# Fidelity

## Implementation

In [1]:
import os.path
import pandas as pd
import numpy as np
from os import listdir
from os.path import isfile, join

def bin_data(dt1, dt2, c = 10):
    dt1 = dt1.copy()
    dt2 = dt2.copy()
    # quantile binning of numerics
    num_cols = dt1.dtypes[dt1.dtypes!='object'].index
    for col in num_cols:
        # determine breaks based on `dt1`
        breaks = dt1[col].quantile(np.linspace(0, 1, c+1)).unique()
        dt1[col] = pd.cut(dt1[col], bins=breaks, include_lowest=True).astype(str)
        dt2_vals = pd.to_numeric(dt2[col], 'coerce')
        dt2_bins = pd.cut(dt2_vals, bins=breaks, include_lowest=True).astype(str)
        dt2_bins[dt2_vals < min(breaks)] = '_other_'
        dt2_bins[dt2_vals > max(breaks)] = '_other_'
        dt2[col] = dt2_bins
    # top-C binning of categoricals
    cat_cols = dt1.dtypes[dt1.dtypes=='object'].index
    for col in cat_cols:
        # determine top values based on `dt1`
        top_vals = dt1[col].value_counts().head(c).index.tolist()
        dt1[col].replace(np.setdiff1d(dt1[col].unique().tolist(), top_vals), '_other_', inplace=True)
        dt2[col].replace(np.setdiff1d(dt2[col].unique().tolist(), top_vals), '_other_', inplace=True)
    return [dt1, dt2]

def hellinger(p1, p2):
  return np.sqrt(1 - np.sum(np.sqrt(p1*p2)))
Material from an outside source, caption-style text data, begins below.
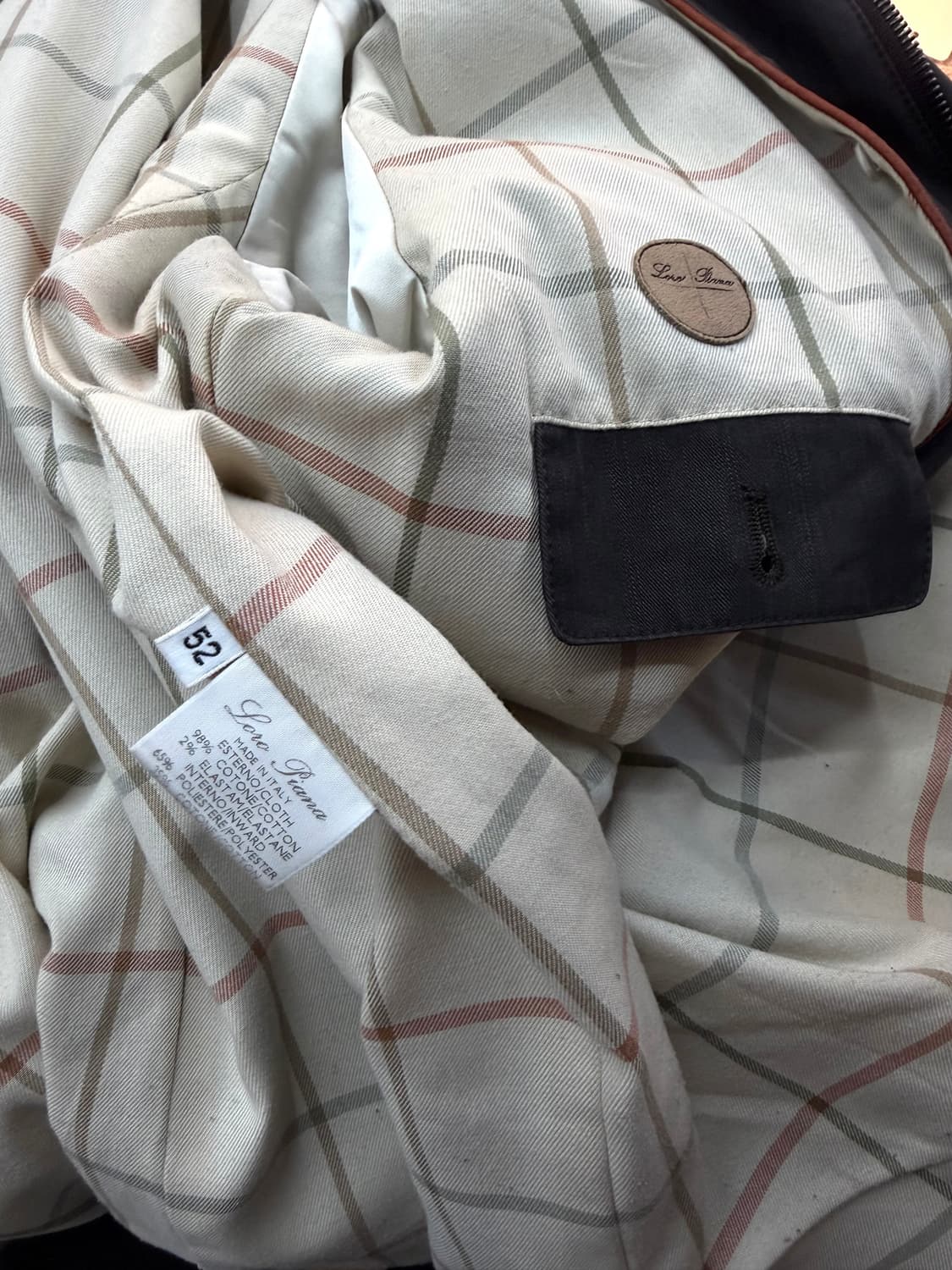 52/ 로로피아나 워싱 패디드 헌팅자켓 상품이미지10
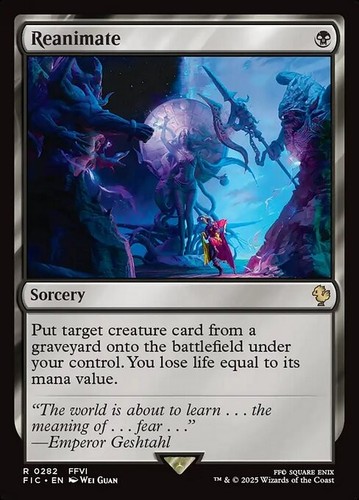 Mtg reanimate commander - -,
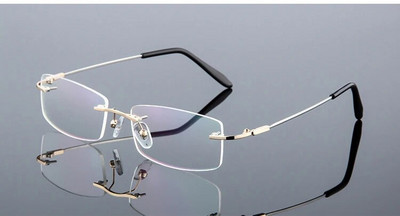 Σκελετός οπτικών γυαλιών Unisex από κράμα τιτανίου χωρίς βίδες & χωρίς πλαίσιο, Γυναικεία ανδρικά γυαλιά γυαλιά σκελετοί για Myopia Prescription F867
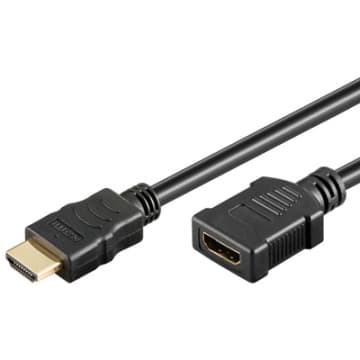 Ewent CAVO Prolunga HDMI CON Ethernet M/F 2,0MM CC-130200-020-N-B - Immagine 1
def kullback_leibler(p1, p2):
  idx = p1>0
  return np.sum(p1[idx] * np.log(p1[idx]/p2[idx]))

def jensen_shannon(p1, p2):
  m = 0.5 * (p1 + p2)
  return 0.5 * kullback_leibler(p1, m) + 0.5 * kullback_leibler(p2, m)

def fidelity(dt1, dt2, c = 100, k = 1):
    [dt1_bin, dt2_bin] = bin_data(dt1, dt2, c = c)
    # build grid of all cross-combinations
    cols = trn.columns
    interactions = pd.DataFrame(np.array(np.meshgrid(cols, cols, cols)).reshape(3, len(cols)**3).T)
    interactions.columns = ['dim1', 'dim2', 'dim3']
    if k == 1:
        interactions = interactions.loc[(interactions['dim1']==interactions['dim2']) & (interactions['dim2']==interactions['dim3'])]
    elif k == 2:
        interactions = interactions.loc[(interactions['dim1']<interactions['dim2']) & (interactions['dim2']==interactions['dim3'])]
    elif k == 3:
        interactions = interactions.loc[(interactions['dim1']<interactions['dim2']) & (interactions['dim2']<interactions['dim3'])]
    else:
        raise('k>3 not supported')

    results = []
    for idx in range(interactions.shape[0]):
        row = interactions.iloc[idx]
        val1 = dt1_bin[row.dim1] + dt1_bin[row.dim2] + dt1_bin[row.dim3]
        val2 = dt2_bin[row.dim1] + dt2_bin[row.dim2] + dt2_bin[row.dim3]
        freq1 = val1.value_counts(normalize=True).to_frame(name='p1')
        freq2 = val2.value_counts(normalize=True).to_frame(name='p2')
        freq = freq1.join(freq2, how='outer').fillna(0.0)
        p1 = freq['p1']
        p2 = freq['p2']
        out = pd.DataFrame({
          'k': k,
          'dim1': [row.dim1], 'dim2': [row.dim2], 'dim3': [row.dim3],
          'tvd': [np.sum(np.abs(p1 - p2)) / 2], 
          'mae': [np.mean(np.abs(p1 - p2))], 
          'max': [np.max(np.abs(p1 - p2))],
          'l1d': [np.sum(np.abs(p1 - p2))],
          'l2d': [np.sqrt(np.sum((p1 - p2)**2))],
          'hellinger': [hellinger(p1, p2)],
          'jensen_shannon': [jensen_shannon(p1, p2)]})
        results.append(out)

    return pd.concat(results)
    

## Test Drive

In [2]:
trn = pd.read_csv('data/credit-default_trn.csv.gz')
syn = pd.read_csv('data/credit-default_mostly.csv.gz')
#syn = pd.read_csv('data/credit-default_synthpop.csv.gz')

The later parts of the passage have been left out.